Now, on close approach, what happens? There will be huge tides, and the nearer the bodies come to each other, the vaster the scale on which tides will be formed. If the bodies are liquid or gaseous, they will be distorted by the force of gravitation, and the figure of both bodies will become ellipsoidal; and at last under greater stress, the restraining shell of both bodies will burst asunder on opposite sides in streams of matter from the interior. In this manner the arms of the spiral are formed.
As Chamberlin puts it: "If, with these potent forces thus nearly balanced, the sun closely approaches another sun, or body of like magnitude … the gravity which restrains this enormous elastic power will be reduced along the line of mutual attraction. At the same time the pressure transverse to this line of relief will be increased. Such localized relief and intensified pressure must bring into action corresponding portions of the sun's elastic potency, resulting in protuberances of corresponding mass and high velocity."

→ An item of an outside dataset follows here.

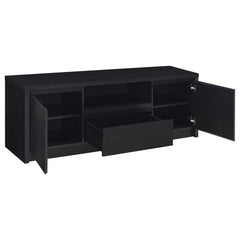 Winfield Black 3-piece Entertainment Center 60-inch TV Stand - Ornate Home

Only a fraction of one per cent of the sun's mass ejected in this fashion would be sufficient to generate the entire planetary system. Nuclei or knots in the arms of the spiral gradually grew by accretion, the four interior knots forming Mercury, Venus, the Earth, and Mars. The earth knot was a double one, which developed into the earth-moon system. The absence of a dominating nucleus beyond Mars accounts for the zone of the asteroids remaining in some sense in the original planetesimal condition. The vaster nuclei beyond Mars gradually condensed into Jupiter, Saturn, Uranus, and Neptune; and [374] lesser nuclei related to the larger ones form the systems of moons or satellites.
The orbits of the planetesimals and the planetary and satellite nuclei would be very eccentric, forming a confusion of ellipses with frequently crossing paths. Collisions would occur, and the nuclei would inevitably grow by accretion. Each planet, then, would clear up the planetesimals of its zone; and Moulton shows that this process would give rise to axial revolution of the planet in the same direction as its orbital revolution. The eccentricities would finally disappear, and the entire mass would revolve in a nearly circular orbit.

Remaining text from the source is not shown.